YOUR TASK - Beginning with the line below that contains "綾瀬のオフィス, Bound About" and ending with the line that contains "MLS® A2225448 - 902", retype every line exactly. Pictures are not copied.

ENTRIES SUPPLIED -
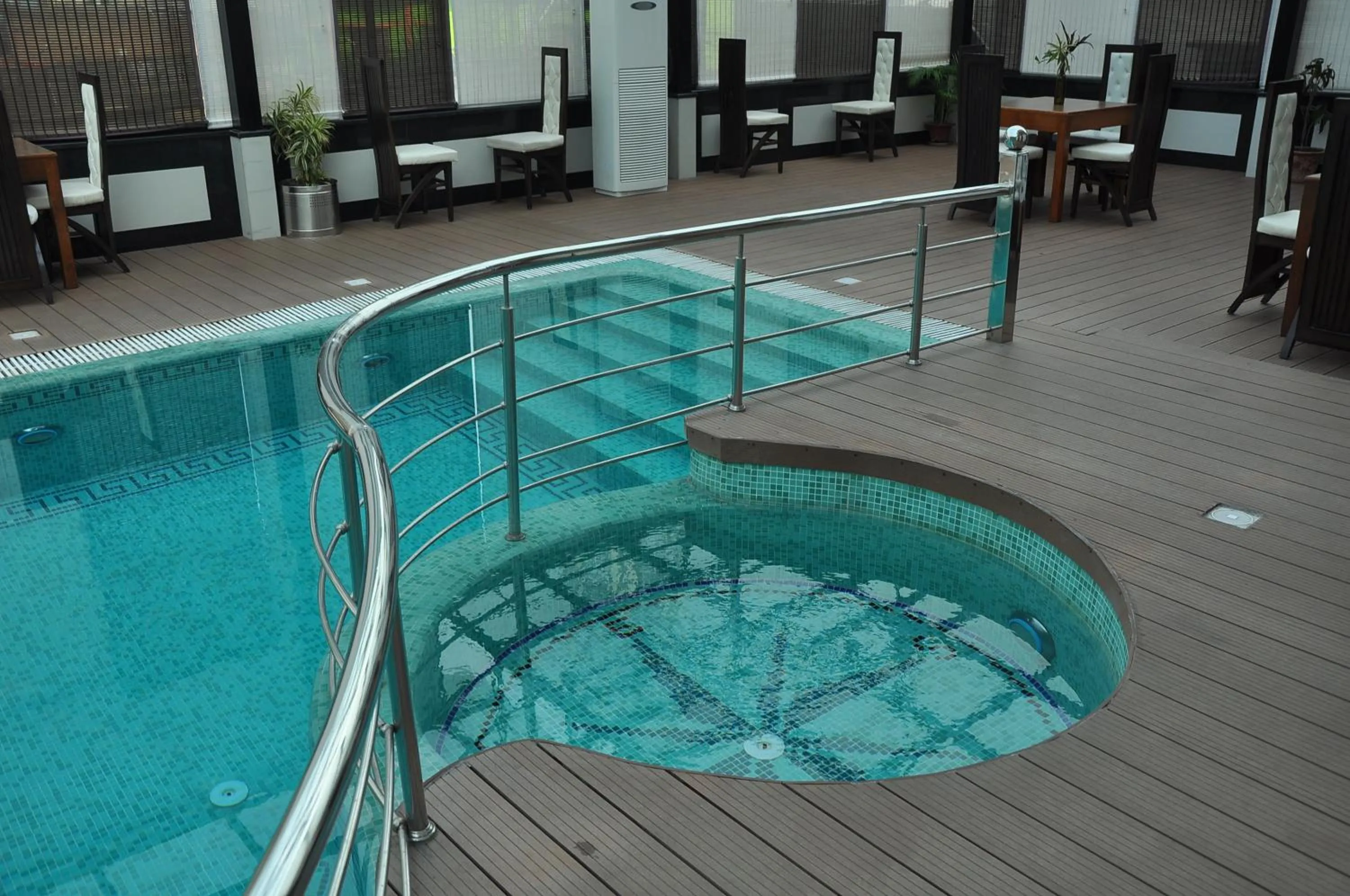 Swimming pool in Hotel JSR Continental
--
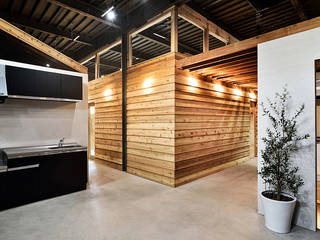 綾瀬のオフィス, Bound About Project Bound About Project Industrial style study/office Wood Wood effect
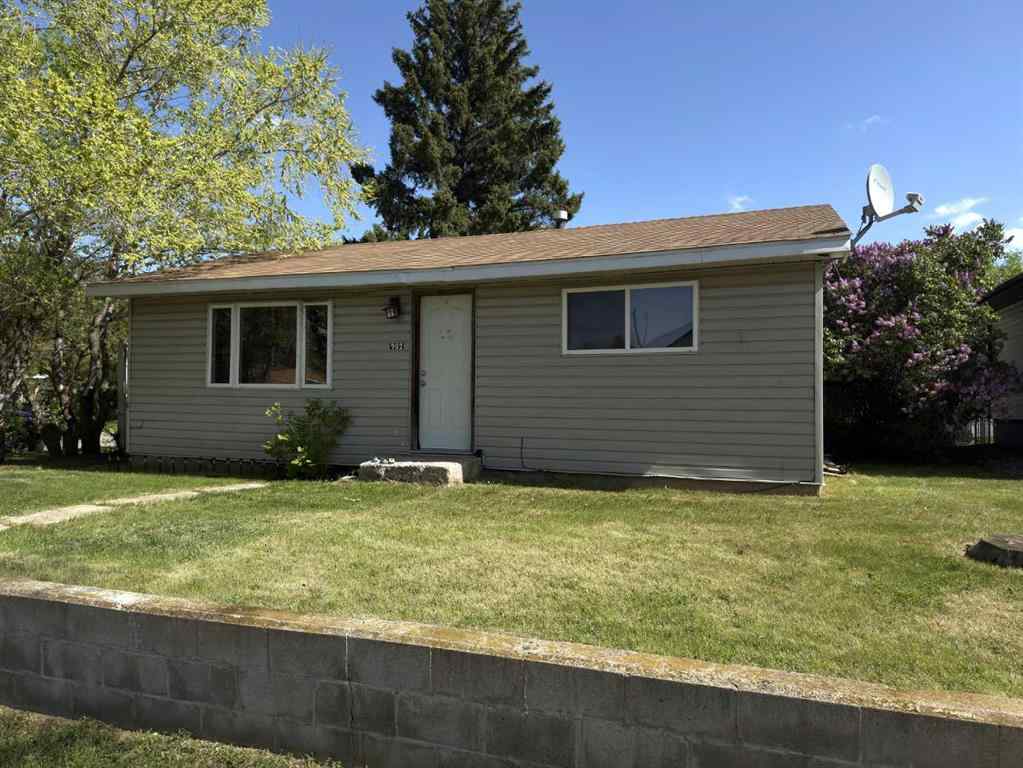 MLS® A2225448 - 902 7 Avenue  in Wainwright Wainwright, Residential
* * *
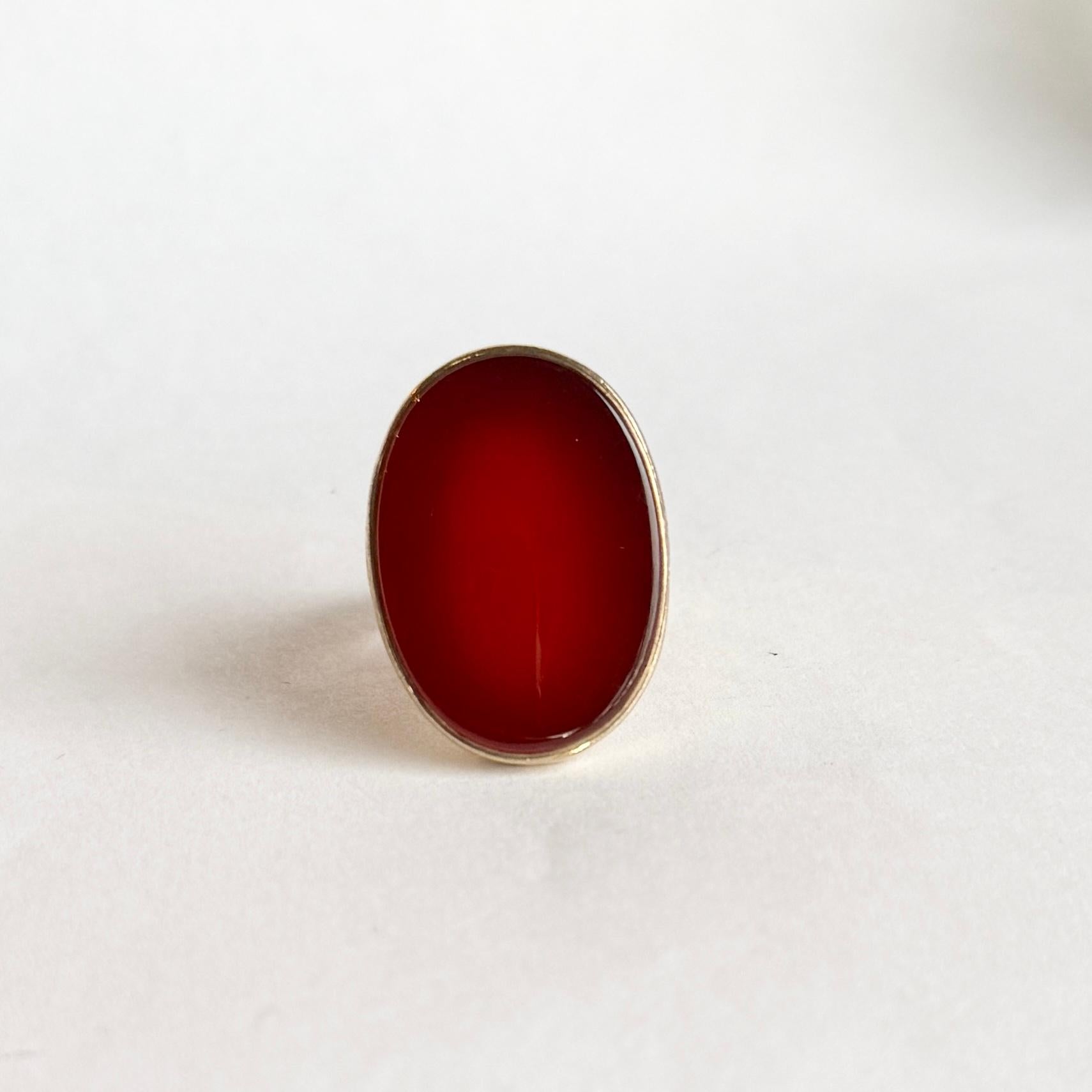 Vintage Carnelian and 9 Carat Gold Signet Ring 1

YOUR SOLUTION -
 綾瀬のオフィス, Bound About Project Bound About Project Industrial style study/office Wood Wood effect
 MLS® A2225448 - 902 7 Avenue  in Wainwright Wainwright, Residential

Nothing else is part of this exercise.